3. Interviews: Well, conversations with friends and colleagues who are raising their children with more than one language aren't really "interviews" per se, but I'm definitely going to pay attention to what language teachers do with their own kids. Many of my colleagues in the foreign language department are either from other countries or married to people from other countries, which means that the couples have had to decide which language(s) to use with their children; most of them have used both to some degree. I respect their choices and I think they know what they're doing. Perhaps I can convince some of these teachers to write in here and share their strategies and rationales!

4. Library research: Maybe I'm just a masochist, but I always did enjoy library research and writing papers. I still do some of that these days, even though I'm not required to publish anything for my teaching job. While I'm very interested in hearing about what real people are doing with their bilingual children, I also want to know why and how it works (and why it doesn't when it doesn't)--what does second language acquisition theory have to say about teaching the L2 to infants and children? So I recently borrowed a dozen or so books from the university library, some qualitative case studies (i.e. how one child learned an L2 over the course of his childhood), some quantitative and theory-based, some handbooks for parents. As I go through those I'll report back here with my impressions and questions. This blog may end up looking like an annotated bibliography of my research crossed with my journal about babysitting my nephew!

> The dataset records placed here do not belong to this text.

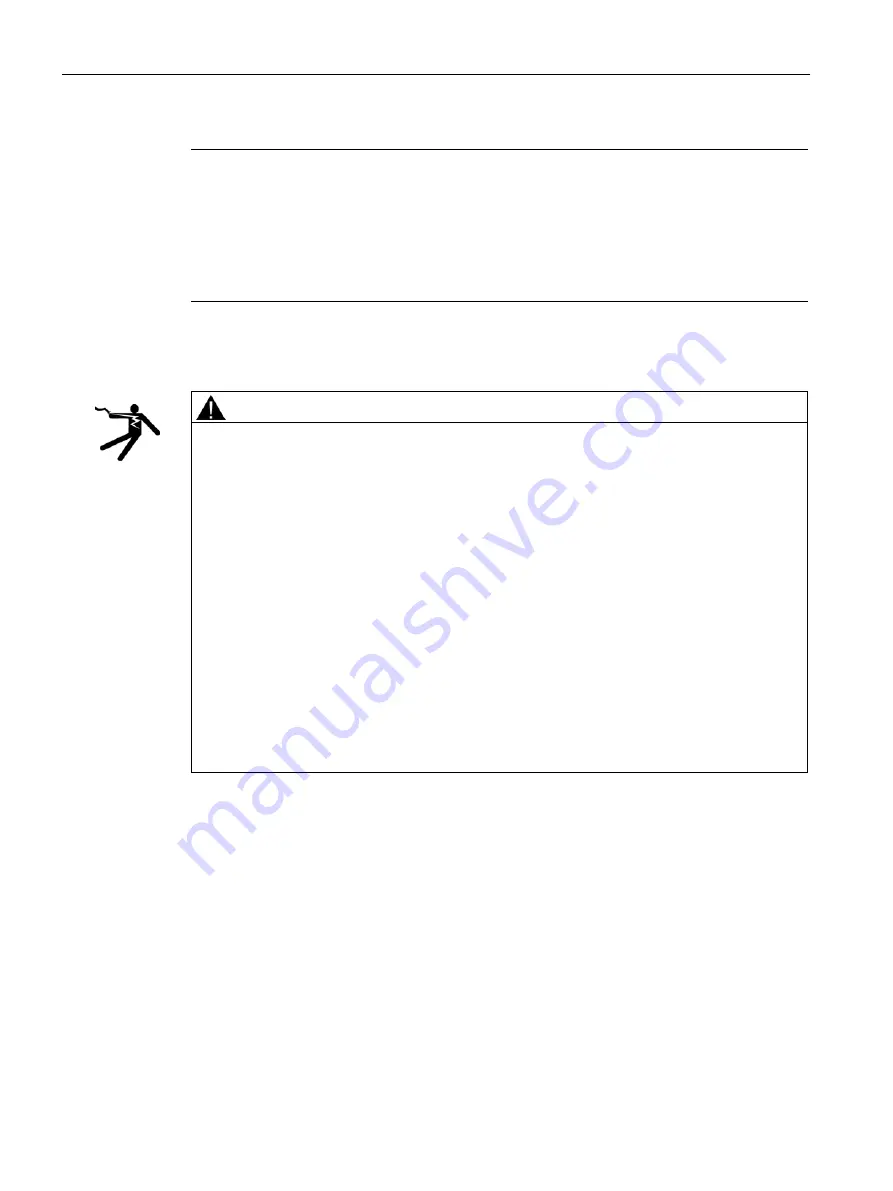 Siemens SCALANCE W786-x Operating Instructions Manual Download Page 34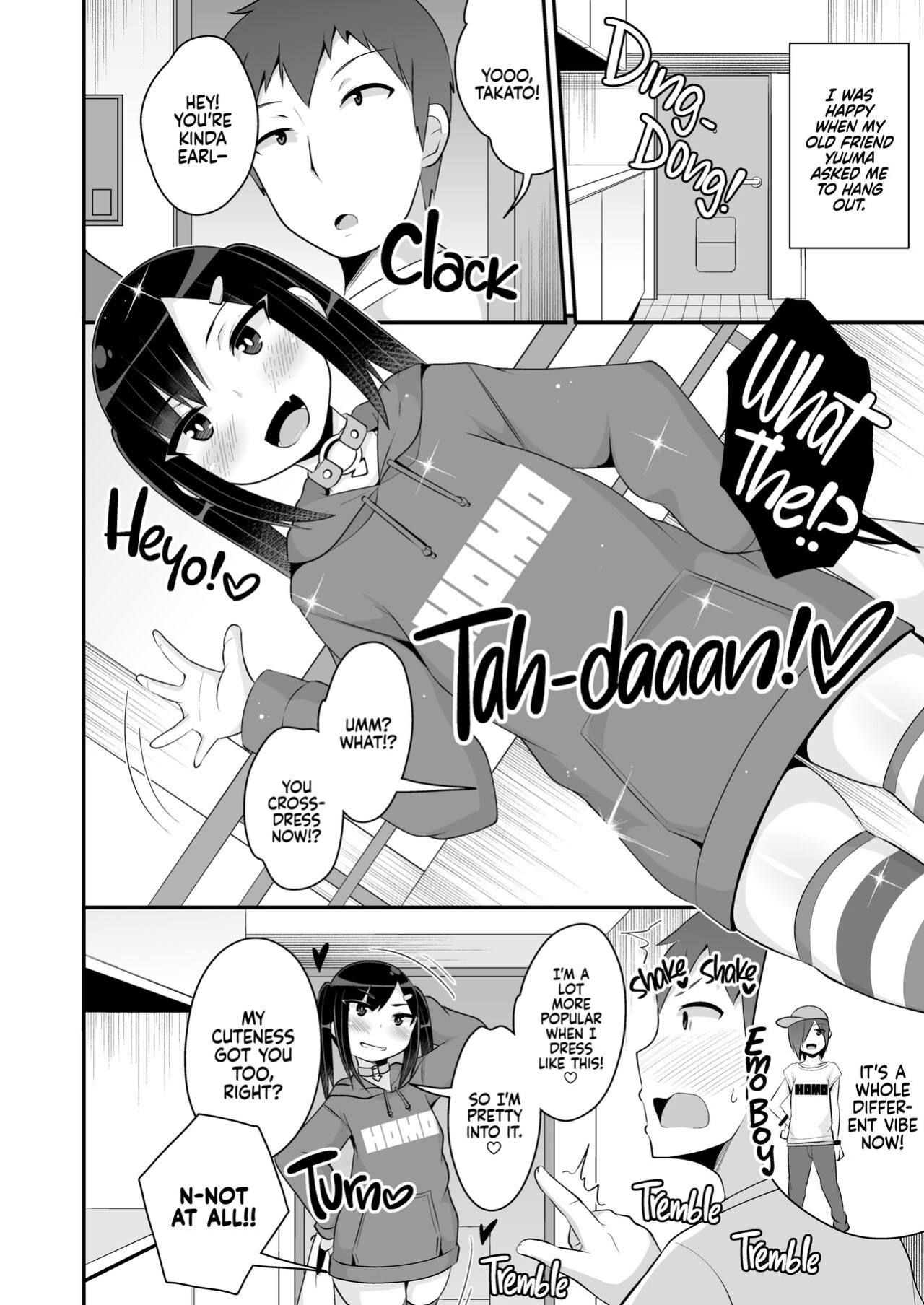 [CHINZURI BOP (Chinzurena)] Dekaketsu Jirai Onna ni Jinsei Kuruwasaretai | Getting My Life Wrecked by a Psycho's Big Ass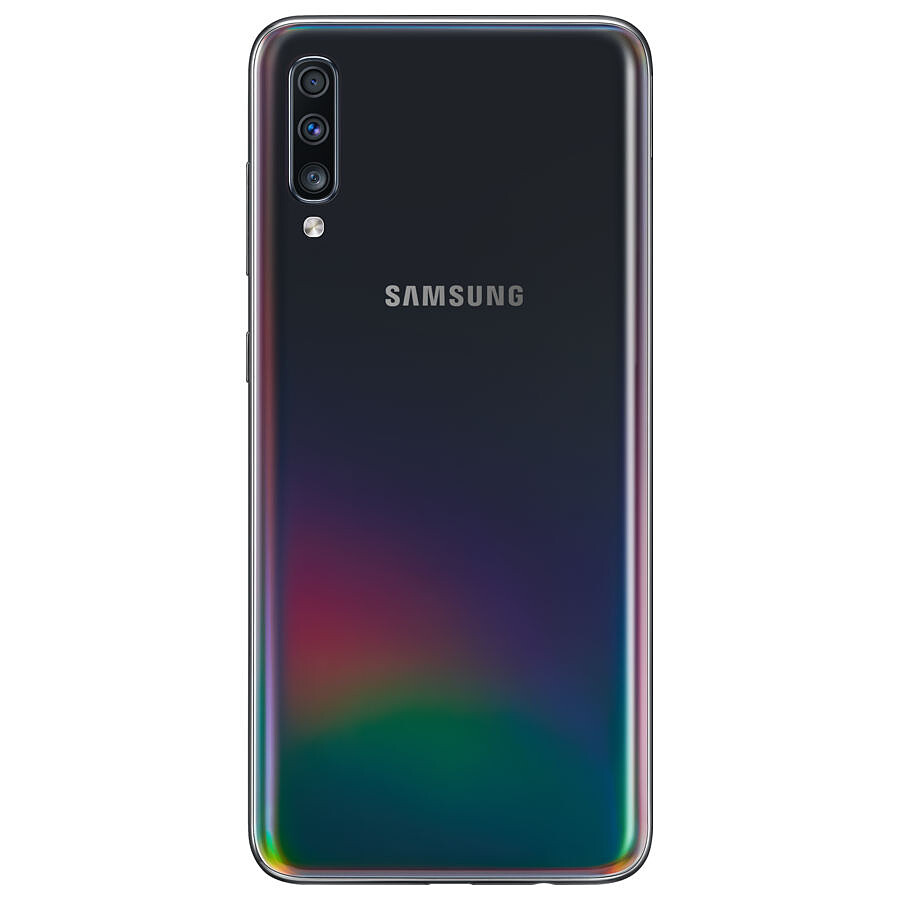 Samsung Galaxy A70 (noir) - 128 Go - 6 Go · Reconditionné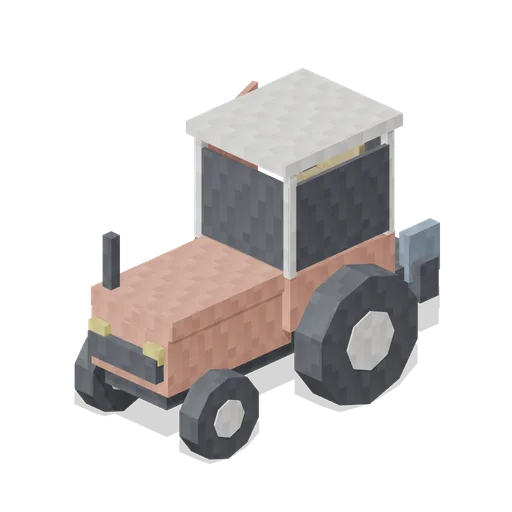 Modern Tractor (Pixel Modern Farm)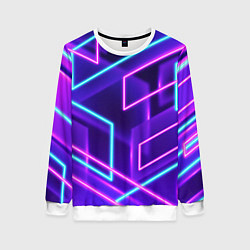 Женский свитшот Neon Geometric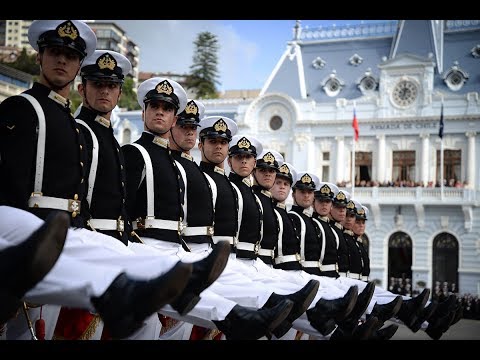 Banda de Guerra e Instrumental - Escuela Naval de Chile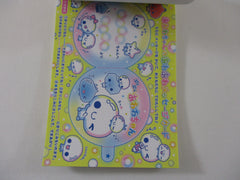 Rare ❤︎ Vintage *ੈ✩‧₊˚ Collectible ✿ Gift - Cute Kawaii VHTF Vintage Collectible Kamio Soap Bubble B 4 x 6 Inch Notepad / Memo Pad - Stationery Designer Paper Collection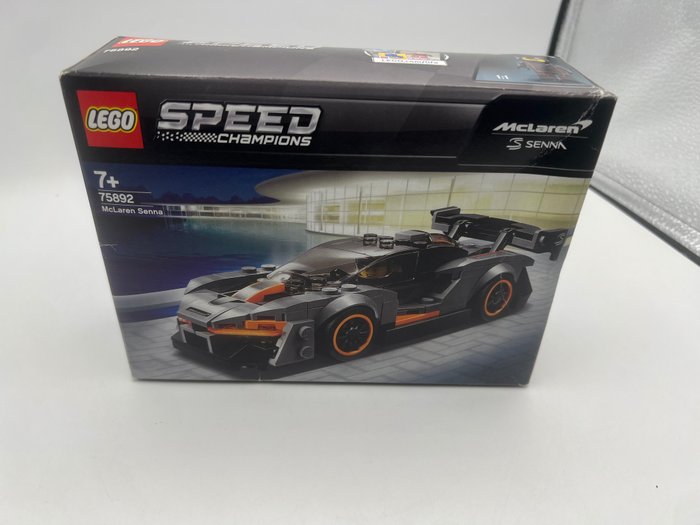 Lego - 75892 - Lego Speed Champion Mclaren Senna Sealed!!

5. Conferences: As a French teacher, I present at one or two language conferences a year. Typically I gravitate towards sessions about techniques for teaching older learners. But now, I'm also going to seek out information about languages and children. And the next one is in July--a four-day conference of nothing but French teachers! I plan on picking people's brains about materials to use with children learning French--books, songs, websites, and so on.

Let me know if you can think of anywhere else to look for more information, please!

1 comment:

  1. wow, you sound thorough. glad someone's doing the legwork for me. ;) looking forward to seeing the vetted resources.